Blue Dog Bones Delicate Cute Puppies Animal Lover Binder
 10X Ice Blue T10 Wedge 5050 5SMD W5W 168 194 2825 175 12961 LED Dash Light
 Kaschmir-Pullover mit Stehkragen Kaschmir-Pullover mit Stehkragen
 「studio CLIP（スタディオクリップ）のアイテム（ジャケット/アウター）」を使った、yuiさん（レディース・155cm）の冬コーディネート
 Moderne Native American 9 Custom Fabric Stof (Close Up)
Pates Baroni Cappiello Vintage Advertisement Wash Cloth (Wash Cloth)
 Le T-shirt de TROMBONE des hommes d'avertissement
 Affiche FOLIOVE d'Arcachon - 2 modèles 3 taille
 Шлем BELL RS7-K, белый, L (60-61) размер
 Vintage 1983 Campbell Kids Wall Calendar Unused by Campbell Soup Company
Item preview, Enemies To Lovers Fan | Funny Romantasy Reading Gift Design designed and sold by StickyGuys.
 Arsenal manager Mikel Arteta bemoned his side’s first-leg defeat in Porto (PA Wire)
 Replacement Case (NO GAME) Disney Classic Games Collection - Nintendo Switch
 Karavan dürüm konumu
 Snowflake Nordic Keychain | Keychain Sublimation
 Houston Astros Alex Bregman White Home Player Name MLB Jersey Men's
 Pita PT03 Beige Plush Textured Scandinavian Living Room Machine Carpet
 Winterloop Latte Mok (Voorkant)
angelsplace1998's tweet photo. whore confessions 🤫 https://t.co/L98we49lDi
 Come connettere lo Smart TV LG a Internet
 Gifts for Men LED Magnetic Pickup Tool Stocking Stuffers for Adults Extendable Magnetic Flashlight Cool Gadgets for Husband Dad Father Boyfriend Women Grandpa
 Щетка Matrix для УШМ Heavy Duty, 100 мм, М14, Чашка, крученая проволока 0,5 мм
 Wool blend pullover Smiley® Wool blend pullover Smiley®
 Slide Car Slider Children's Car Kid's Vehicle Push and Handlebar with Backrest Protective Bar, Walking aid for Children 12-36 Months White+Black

+--

• _Task to complete_: From the line containing "Gifts for Men" down to the end of the listing above, return each line exactly as it appears and nothing more.

• _Result for this exercise_:
 Gifts for Men LED Magnetic Pickup Tool Stocking Stuffers for Adults Extendable Magnetic Flashlight Cool Gadgets for Husband Dad Father Boyfriend Women Grandpa
 Щетка Matrix для УШМ Heavy Duty, 100 мм, М14, Чашка, крученая проволока 0,5 мм
 Wool blend pullover Smiley® Wool blend pullover Smiley®
 Slide Car Slider Children's Car Kid's Vehicle Push and Handlebar with Backrest Protective Bar, Walking aid for Children 12-36 Months White+Black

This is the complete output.